Explanation of the activity:
This activity will allow the students to learn about how advertisements make products seem appealing.
For this activity, you will need product description sheets, an empty cereal package with no labels or labels covered by blank paper, an empty soda pop bottle or can with the label covered, a candy bar without a wrapper (some foil underneath) or a candy bar with the label covered, a potato chip bag with the label covered and art supplies.
*This activity may be split up over the course of a few days.
Part 1: Brainstorming
Part 2: Scripting
Part 3: Performing
• Begin with the group that received the most votes. Have the students that voted for the product that received the most votes, raise their hands. Tell them to keep their hand raised until they hear something about the product that would make them not want to buy (or eat) the product anymore. Explain that this could be anything, including something that makes the product seem unhealthy.
•Have one student from the winning group read the items on the Product Description Sheet one by one. Do this for each group/product.
•Ask the students to tell the class why they left out the information that they did. Hopefully, students will be able to explain that presenting the health information may not make the product appeal to people.
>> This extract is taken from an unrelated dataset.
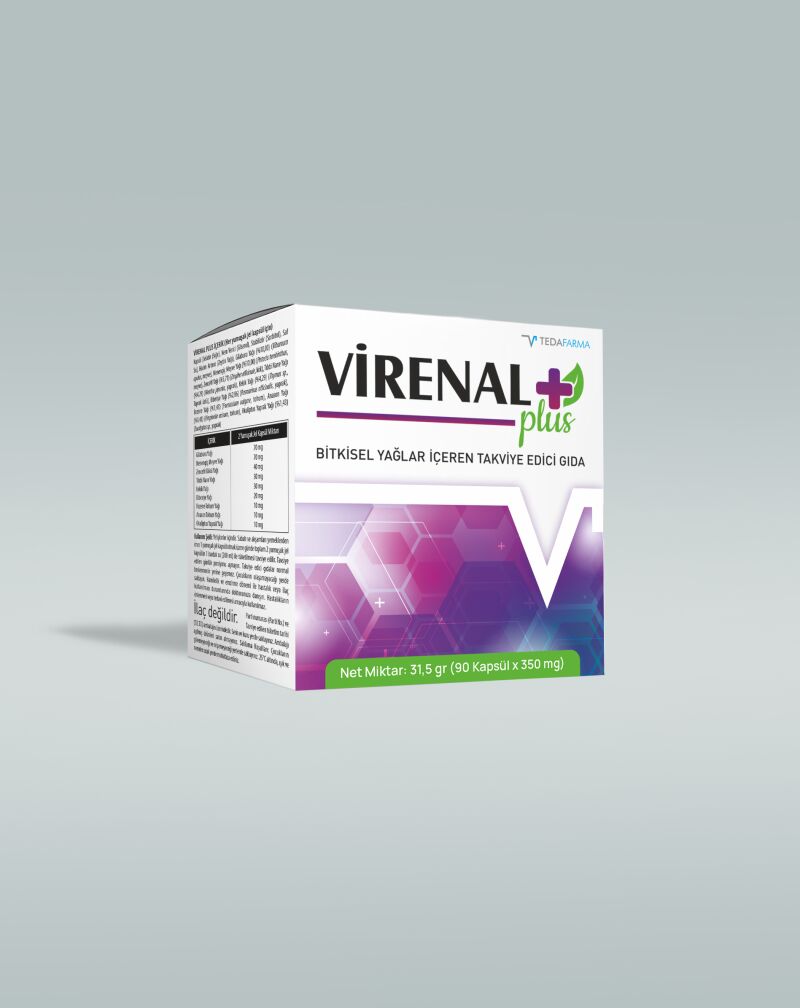 Virenal Plus 90 Kapsül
Reinforce the fact vs. opinion. What was a fact in their commercial? Which statements were opinions?
•Discuss resources that can be used for children to find out facts about food and drink after they see a commercial for it.
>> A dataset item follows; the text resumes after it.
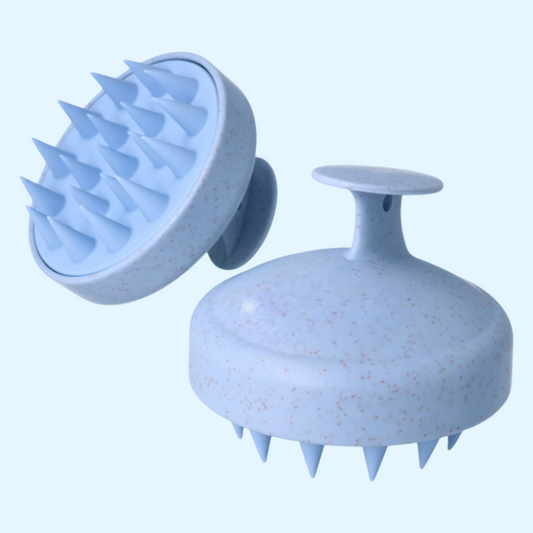 Brosse de douche massante pour cheveux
•The nutrition label is the best source for information. This will give the sugar content and show other nutrients that the product provides. (A nutrition label lesson is provided later in the curriculum and there are two lessons on nutrients.) Most fast food restaurants will provide nutrition information for their menu upon request.
•Parents are another good source. Tell students that it is a good idea for students and parents to learn together about the products that they are consuming.
•Teachers and doctors are also an excellent source of factual information about food and drink products.